L'IA est-elle une opportunité ou une menace pour la langue française ?
L’IA représente un enjeu majeur pour toutes les langues, y compris le français. D'un côté, elle peut favoriser la présence du français en facilitant la production de contenus de qualité dans notre langue. De l'autre, si les modèles sont mal conçus, ils risquent d'appauvrir la langue, voire de favoriser l'anglais par défaut. C'est pourquoi nous devons développer nos propres outils, basés sur des données européennes de qualité, pour garantir un traitement respectueux et précis de nos langues.
Quels sont les enjeux pour la langue française dans le numérique et l'IA ?

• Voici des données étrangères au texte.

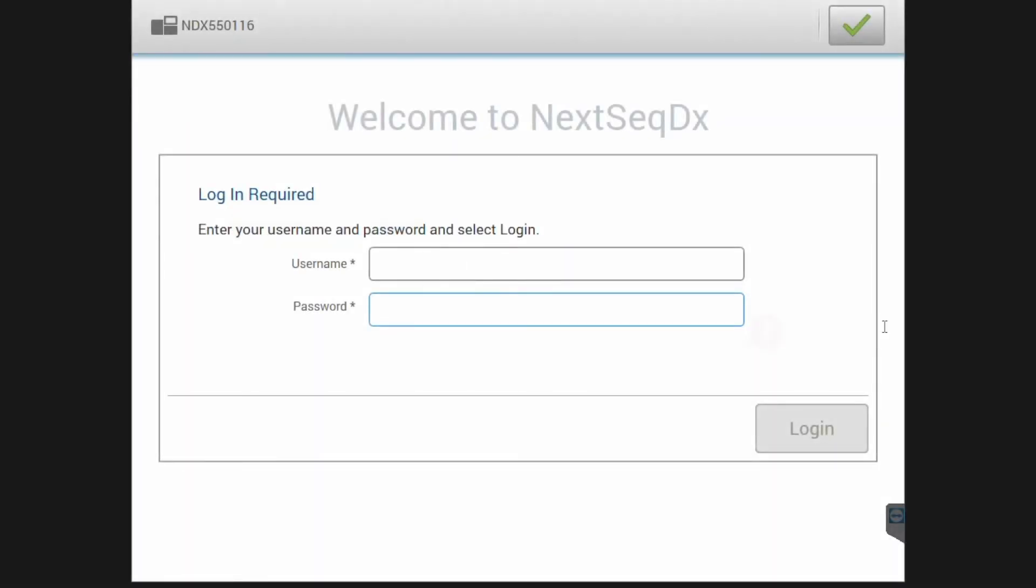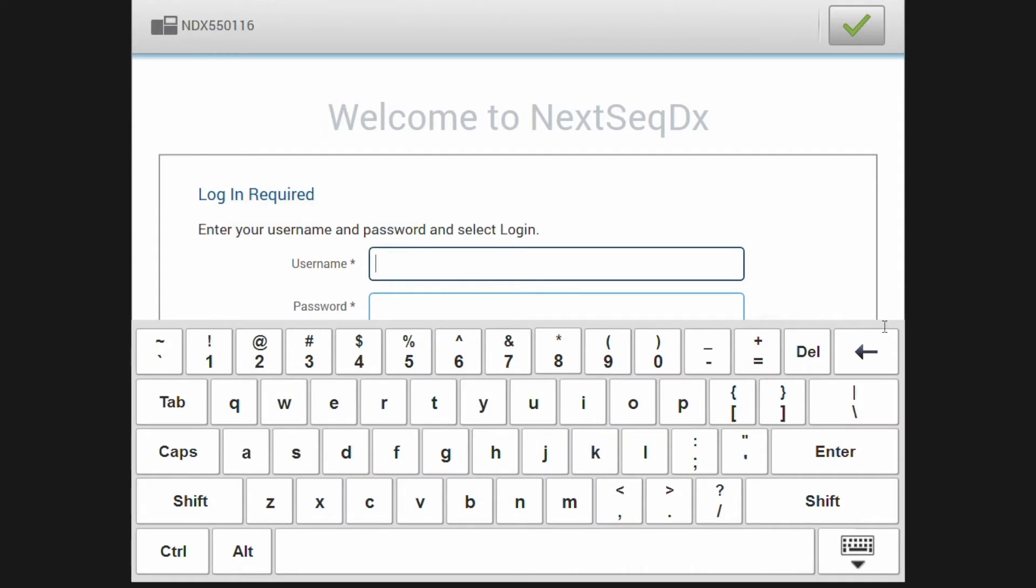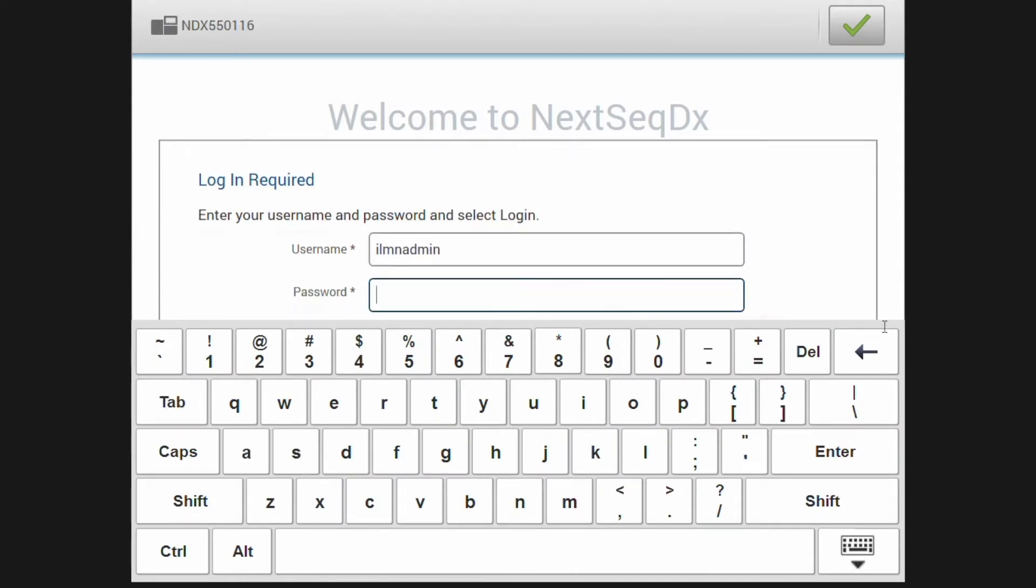NexSeq 500-550DX instruments initialize in the DX mode. When you wish to access the NexSeq in RUO mode, please follow the following steps.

Il y a un double enjeu. D'abord, un enjeu de souveraineté : nous ne pouvons pas dépendre d'outils conçus hors d'Europe pour traiter nos langues. Ensuite, un enjeu culturel : les modèles d'IA sont influencés par les contenus avec lesquels ils sont entraînés. Aujourd'hui, la majorité des modèles sont américains et l'anglais domine les bases de données. Cela fausse la manière dont nos langues et nos cultures sont représentées. Un modèle européen garantirait un équilibre et une meilleure représentation de notre diversité linguistique.
L'Europe peut-elle rivaliser avec les modèles américains ?

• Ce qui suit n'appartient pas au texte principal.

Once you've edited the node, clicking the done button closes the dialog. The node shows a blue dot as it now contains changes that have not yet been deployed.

Oui, et c'est tout l'enjeu d'ALT-EDIC, dont le siège est situé au sein de la Cité internationale de la langue française, sur le site historique du Château de Villers-Cotterêts. Ce consortium européen, initié en février 2024, contribue au développement d’un grand modèle de langue multilingue, transparent et conforme à nos réglementations. Contrairement aux modèles américains, dont on ignore souvent les sources de données, nous voulons une approche plus éthique et transparente. L'ALT-EDIC offre une opportunité pour les pays européens de promouvoir et préserver leur diversité linguistique grâce à des outils numériques innovants et respectueux des droits et réglementations en vigueur.
Quels sont ses prochains défis ?
L'ALT-EDIC a remporté OpenEuroLLM, un projet européen d’un budget total d’environ 50 millions d'euros qui débutera en mars 2025 et visera à proposer un modèle de langue européen multilingue. Un autre projet européen, LLMs4EU, sera également coordonné par l'ALT-EDIC pour collecter des données dans toutes les langues européennes et développer des cas d'usage concrets en entreprise. L'avenir de nos langues se joue dans les technologies et il est crucial que les pouvoirs publics prennent conscience de l’importance de ces enjeux. Il n’est pas trop tard pour investir massivement et rapidement dans ces technologies.
La Délégation générale à la langue française et aux langues de France du ministère de la Culture, a publié en janvier dernier un recueil de 50 termes français recommandés de l’intelligence artificielle. Ces notions et leur définition sont enrichies d’équivalents dans d'autres langues fournis par des institutions partenaires.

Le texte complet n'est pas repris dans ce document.